WHAT IS REQUIRED: Your reply should reproduce the data below without a single alteration, apart from dropping the images.

RECORDED DATA:
+ + + + +

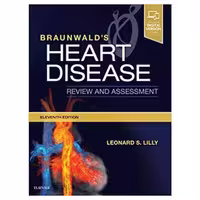 کتاب زبان اصلی بررسی و ارزیابی بیماری قلبی براونوالد ویراست یازدهم | Braunwald’s Heart Disease Review and Assessment 2019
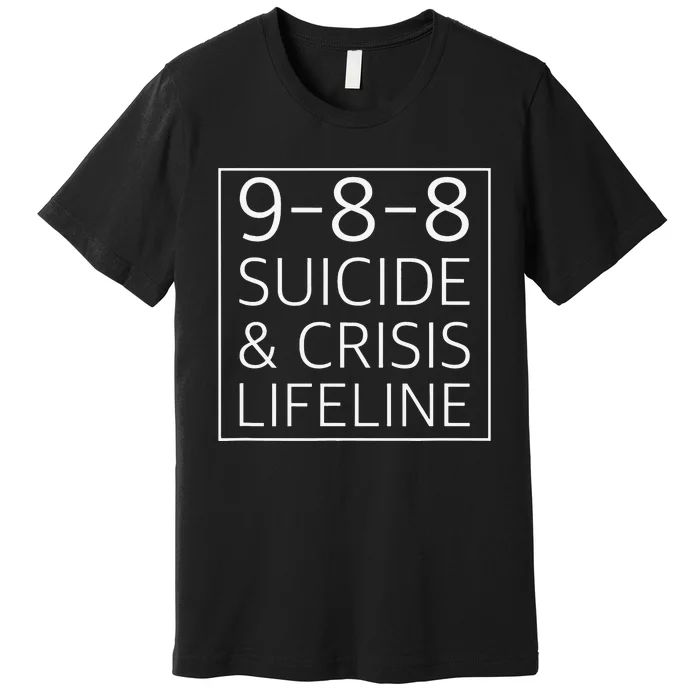 988 Suicide Prevention Awareness Mental Health Premium T-Shirt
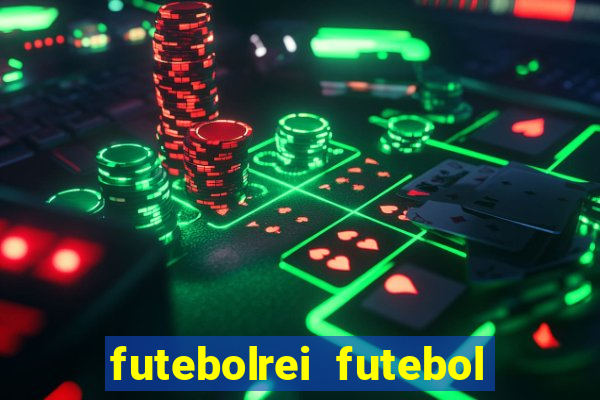 futebolrei futebol ao vivo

+ + + + +

ANSWER SECTION:
 کتاب زبان اصلی بررسی و ارزیابی بیماری قلبی براونوالد ویراست یازدهم | Braunwald’s Heart Disease Review and Assessment 2019
 988 Suicide Prevention Awareness Mental Health Premium T-Shirt
 futebolrei futebol ao vivo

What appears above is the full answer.